Dirichlet-BART Modeling?

Hello,

I have data that looks something like the table clip below. Here’s some context of the data generation story. For some period of time (sample_id) a measurement (total_sample_input) is feed into a machine who’s control nobs are left at specific values (covariate variables) and the machine sorts exactly all the input measurement into distinct categories (output_category variables which sum up to total_sample_input). It is believed that the output categories follows a Dirichlet distribution which is causaly shaped by the control nob values.
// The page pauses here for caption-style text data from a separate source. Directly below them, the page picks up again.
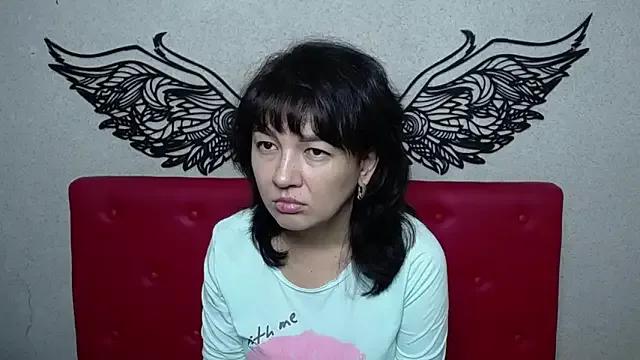 SelenaFly on StripChat 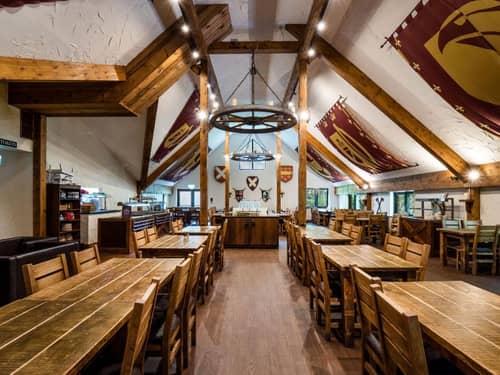 Warwick Castle Hotel and Knight's Village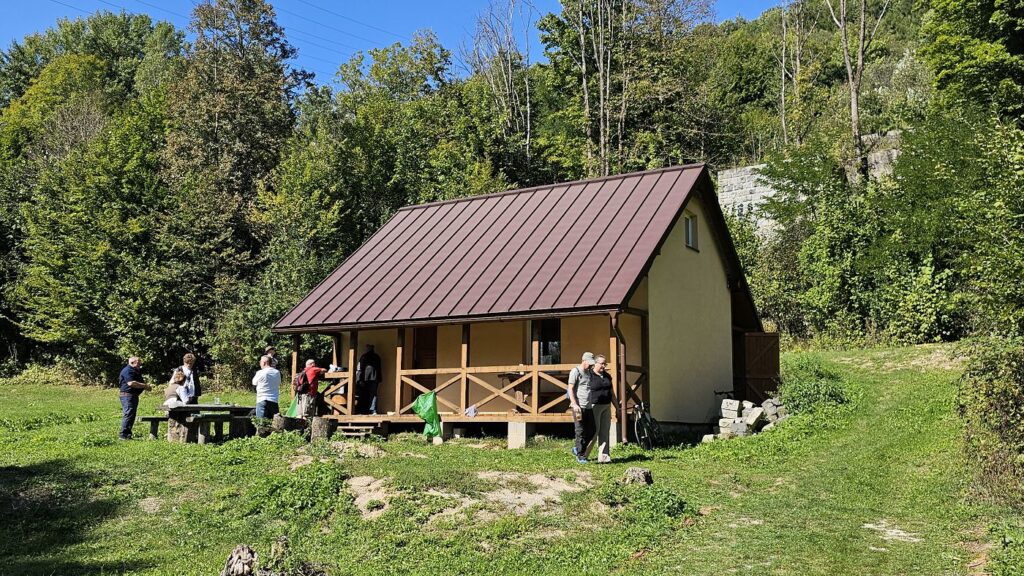'Sklad turistov' v areáli Šťavica Tisovec, ktorý je sídlom TO KOS Rimavská dolina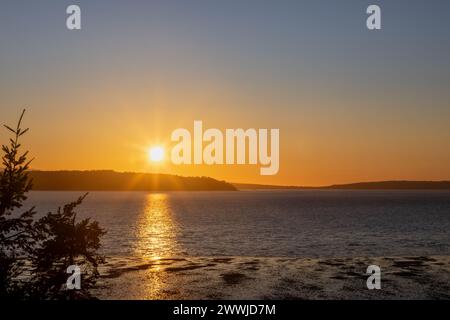Tramonto primaverile da Mabana Beach a Camano Island WA USA Foto Stock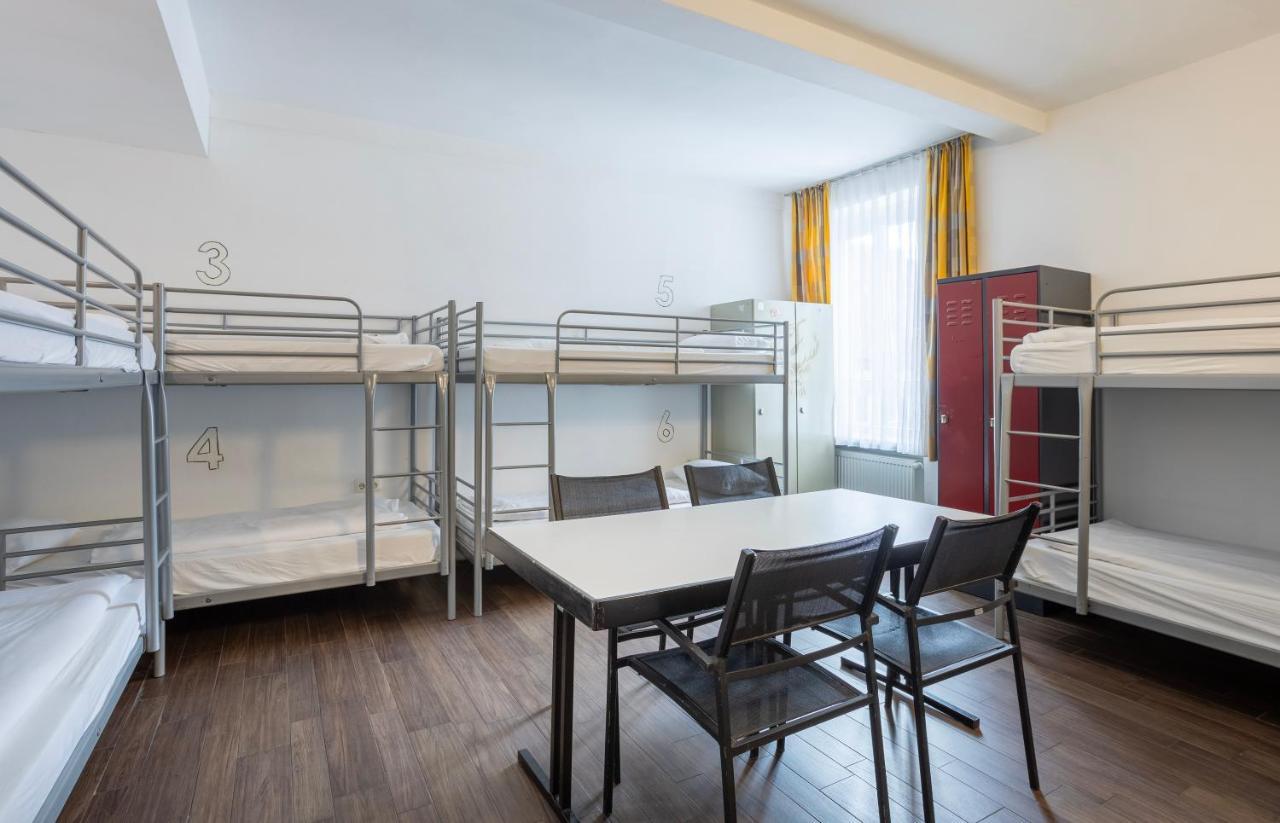 Bed 8-Bed Mixed Dormitory Room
The relationship of the covariates on the output categories is believed to be a piecewise function rather than strictly linear.

How would you suggest modeling this situation? How could we infer/predict the probable distributions between output categories due to the covariate values? As a beginner to Bayesian modeling and PyMC, I would greatly appreciate your help.

sample_id total_sampe_input output_category1 output_category2 output_category3 covariate1 covariate2 covariate3
0 34124.49 25490.77301 3568.280369 5065.436624 0.827175228 3.263871777 3.908952995
1 33855.42 10600.98815 1922.761763 21331.67009 7.192615377 0.348475462 0.458909161
2 30155.25 25552.07541 2265.240505 2337.934086 6.497646449 1.205781579 0.296571973
3 45996.91 26231.19332 16543.08086 3222.635825 7.276013079 0.605861635 0.118125286
4 33108.02 12336.13038 9199.140636 11572.74898 6.876460974 0.191660237 0.93187879

Initially, I tried to apply the methods in the “Dirichlet Mixtures of Multinomials” example, but struggled to modify it to my situation since my data is not technically count data (the total_sample_input can be divided into fractions among the output_category), and because certain output categories can corelate with each other at certain covariate values.

I then started to apply the methods discussed in the “Categorical Regression” example because I thought BART might well capture the piecewise impact of the covariates on the output categories, but again I struggled modifying the article’s example to my non-count data.

Your help is greatly appreciated; Thanks!

It may be easier if you try to instead model a real-valued vector instead of a vector obeying the sum-to-1 constraint.

Would one of the linear transformations here be suitable for your data? You could transform them, and then model each d-1 dimensional vector as a draw from a multivariate Gaussian, performing multivariate linear regression.